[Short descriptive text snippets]
------------------------------------------------------------------------

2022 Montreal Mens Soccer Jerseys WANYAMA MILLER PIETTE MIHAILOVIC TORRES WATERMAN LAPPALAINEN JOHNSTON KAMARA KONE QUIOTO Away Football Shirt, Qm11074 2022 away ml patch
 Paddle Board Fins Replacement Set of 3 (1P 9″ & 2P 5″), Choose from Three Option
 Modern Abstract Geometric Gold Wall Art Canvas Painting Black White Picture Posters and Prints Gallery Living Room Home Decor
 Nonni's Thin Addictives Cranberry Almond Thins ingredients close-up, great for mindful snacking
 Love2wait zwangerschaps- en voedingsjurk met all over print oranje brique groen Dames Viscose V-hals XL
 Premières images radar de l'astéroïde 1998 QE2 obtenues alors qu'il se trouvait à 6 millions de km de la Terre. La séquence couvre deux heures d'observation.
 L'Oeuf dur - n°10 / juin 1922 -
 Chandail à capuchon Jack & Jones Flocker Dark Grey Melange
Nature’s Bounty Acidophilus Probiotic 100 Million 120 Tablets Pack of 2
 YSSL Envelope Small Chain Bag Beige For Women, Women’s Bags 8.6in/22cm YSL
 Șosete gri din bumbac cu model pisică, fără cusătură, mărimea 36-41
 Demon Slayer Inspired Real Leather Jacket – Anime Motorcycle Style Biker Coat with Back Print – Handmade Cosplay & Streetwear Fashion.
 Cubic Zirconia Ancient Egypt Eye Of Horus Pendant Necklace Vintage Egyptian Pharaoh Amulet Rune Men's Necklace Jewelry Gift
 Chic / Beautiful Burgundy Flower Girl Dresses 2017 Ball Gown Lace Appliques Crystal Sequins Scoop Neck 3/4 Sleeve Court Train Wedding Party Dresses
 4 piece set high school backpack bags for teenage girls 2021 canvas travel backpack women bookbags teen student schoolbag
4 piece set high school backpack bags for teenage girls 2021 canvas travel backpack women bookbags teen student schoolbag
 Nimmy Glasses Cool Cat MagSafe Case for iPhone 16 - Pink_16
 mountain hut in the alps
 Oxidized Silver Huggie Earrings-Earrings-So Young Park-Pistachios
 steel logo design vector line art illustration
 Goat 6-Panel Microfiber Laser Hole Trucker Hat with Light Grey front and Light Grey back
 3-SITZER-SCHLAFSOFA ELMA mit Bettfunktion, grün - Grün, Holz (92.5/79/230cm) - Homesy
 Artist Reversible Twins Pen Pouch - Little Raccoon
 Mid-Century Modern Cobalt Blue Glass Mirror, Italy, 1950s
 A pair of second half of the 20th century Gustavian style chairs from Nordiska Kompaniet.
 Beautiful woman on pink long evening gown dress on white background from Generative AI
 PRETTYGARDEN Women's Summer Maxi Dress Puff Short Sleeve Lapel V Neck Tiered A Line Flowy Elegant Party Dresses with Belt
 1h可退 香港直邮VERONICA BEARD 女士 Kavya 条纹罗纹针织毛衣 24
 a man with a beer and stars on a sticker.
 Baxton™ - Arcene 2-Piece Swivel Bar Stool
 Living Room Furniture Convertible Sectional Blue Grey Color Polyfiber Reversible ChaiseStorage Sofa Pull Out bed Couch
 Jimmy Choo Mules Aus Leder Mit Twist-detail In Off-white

------------------------------------------------------------------------

Your goal: Begin with the line containing "Beautiful woman on" and repeat each line exactly until the records above end.

Task output:
 Beautiful woman on pink long evening gown dress on white background from Generative AI
 PRETTYGARDEN Women's Summer Maxi Dress Puff Short Sleeve Lapel V Neck Tiered A Line Flowy Elegant Party Dresses with Belt
 1h可退 香港直邮VERONICA BEARD 女士 Kavya 条纹罗纹针织毛衣 24
 a man with a beer and stars on a sticker.
 Baxton™ - Arcene 2-Piece Swivel Bar Stool
 Living Room Furniture Convertible Sectional Blue Grey Color Polyfiber Reversible ChaiseStorage Sofa Pull Out bed Couch
 Jimmy Choo Mules Aus Leder Mit Twist-detail In Off-white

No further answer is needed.